Thanks for the heads up, I’ll just have to keep trying.
Chris
From: roc-chat-bounce@xxxxxxxxxxxxx<mailto:roc-chat-bounce@xxxxxxxxxxxxx>
<roc-chat-bounce@xxxxxxxxxxxxx><mailto:roc-chat-bounce@xxxxxxxxxxxxx> On Behalf
Of richard dierking
Sent: Friday, March 19, 2021 8:06 PM
To: roc-chat@xxxxxxxxxxxxx<mailto:roc-chat@xxxxxxxxxxxxx>
Subject: [roc-chat] Re: PerfectFlite Stratologger CF Altimeters
Well, hopefully Chris got my email and placed his order. Perfectflite Direct
had CF's in stock for a couple hours. Now showing out of stock again. :-(
On Mar 19, 2021, at 2:01 PM, Chris J Kobel
<chris.j.kobel@xxxxxxxx<mailto:chris.j.kobel@xxxxxxxx>> wrote:
Thanks Mike and all,
I just might have to try that!
Chris
From: roc-chat-bounce@xxxxxxxxxxxxx<mailto:roc-chat-bounce@xxxxxxxxxxxxx>
<roc-chat-bounce@xxxxxxxxxxxxx<mailto:roc-chat-bounce@xxxxxxxxxxxxx>> On Behalf
Of Mike Riss
Sent: Friday, March 19, 2021 1:46 PM
To: roc-chat@xxxxxxxxxxxxx<mailto:roc-chat@xxxxxxxxxxxxx>
Subject: [roc-chat] Re: PerfectFlite Stratologger CF Altimeters
Chris,
Seems like waiting for SLCF's to become available is like hunting for snipe ;-)
In the meantime, I'd recommend trying Eggtimer's Quantum.
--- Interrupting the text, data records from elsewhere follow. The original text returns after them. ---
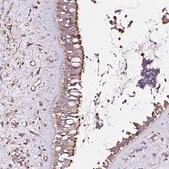 Anti-KLHL11 antibody produced in rabbit Prestige Antibodies&#174; Powered by Atlas Antibodies, affinity isolated antibody, buffered aqueous glycerol solution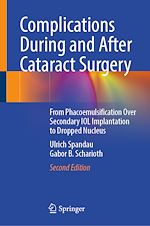 Télécharger le livre :  Complications During and After Cataract Surgery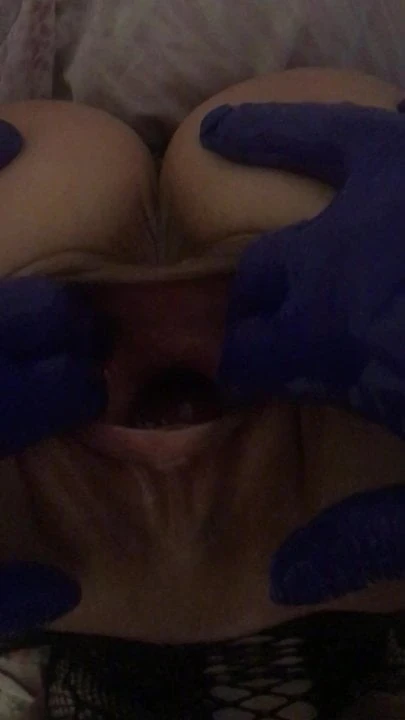 fisting 02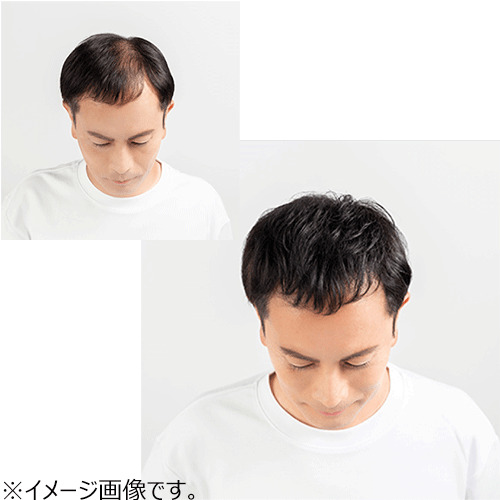 ルアン（RUAN） スーパーミリオンヘアー コンパクトセット No.1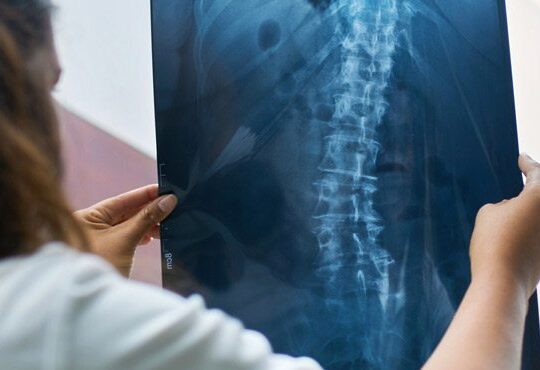 A doctor holding a radiograph report.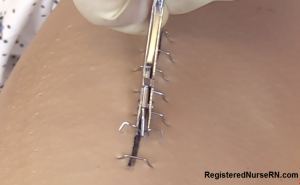 how to remove staples, after surgery, surgical staples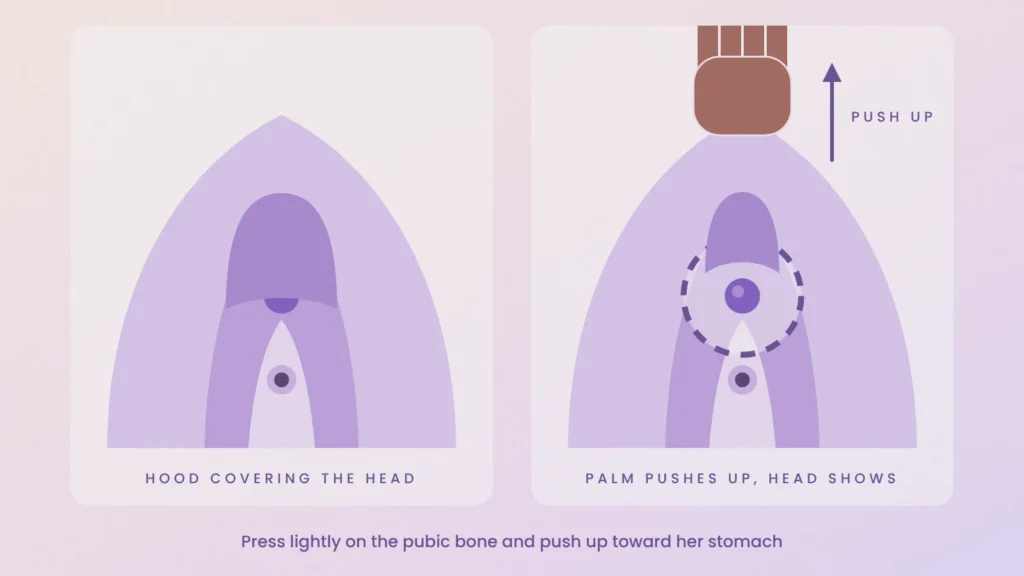 Before and after diagram of a palm pushing up on the pubic bone to pull the clitoral hood back and reveal the clitoris head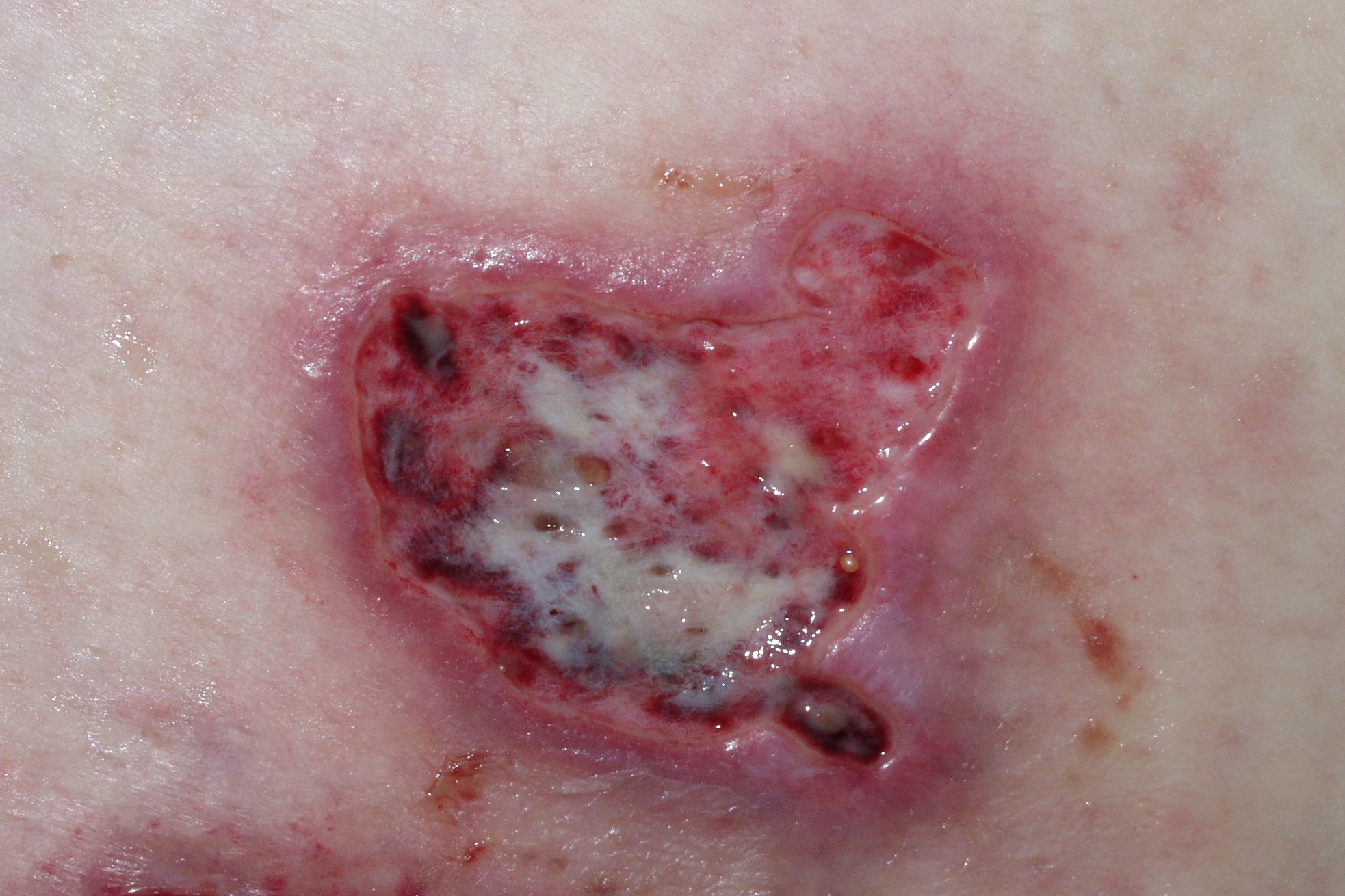 1Pioderma gangrenoso L88; lesión ulcerada, intensamente dolorosa, de bordes geográficos y socavados de color violáceo (1)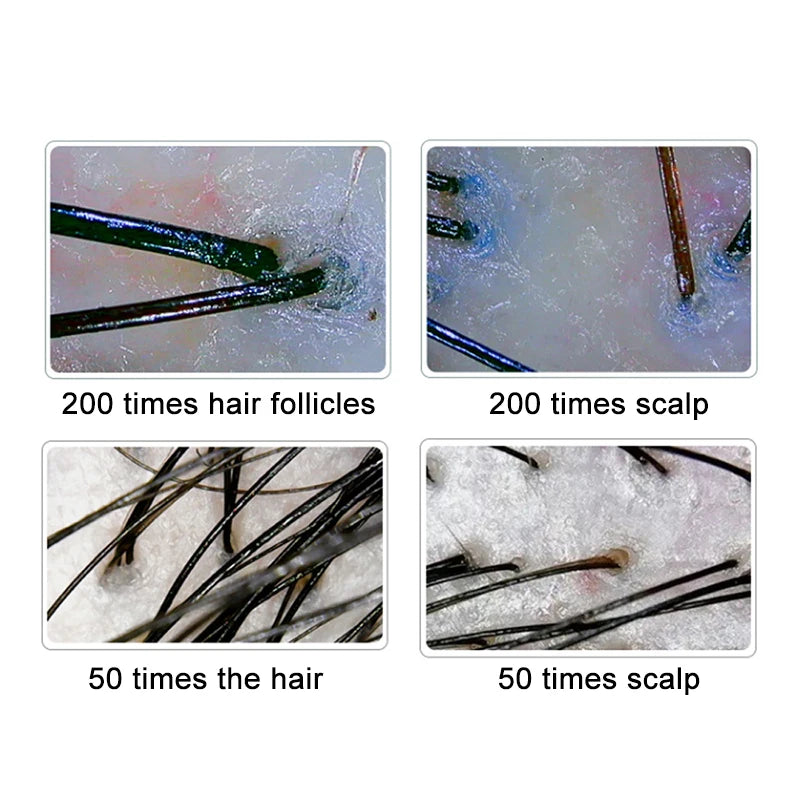 10" LCD Hair & Scalp Analyzer Microscope 50X/200X by HitMyNeed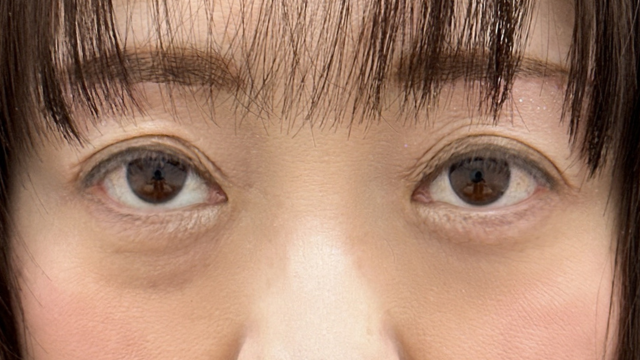 Postoperative Condition Part 1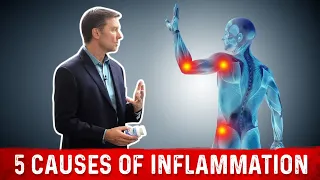 Stop the 5 Causes of Inflammation: FAST! – Dr. Berg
Pick up an Apogee
and a Quark while you're at it.
Mike
On Friday, March 19, 2021, 12:47:18 PM PDT, Chris J Kobel
<chris.j.kobel@xxxxxxxx<mailto:chris.j.kobel@xxxxxxxx>> wrote:
Just wondering, anybody know why PerfectFlite Stratologger CF Altimeters have
been unavailable for so long?
Thanks
Chris Kobel
(looking forward to see you all April 10!)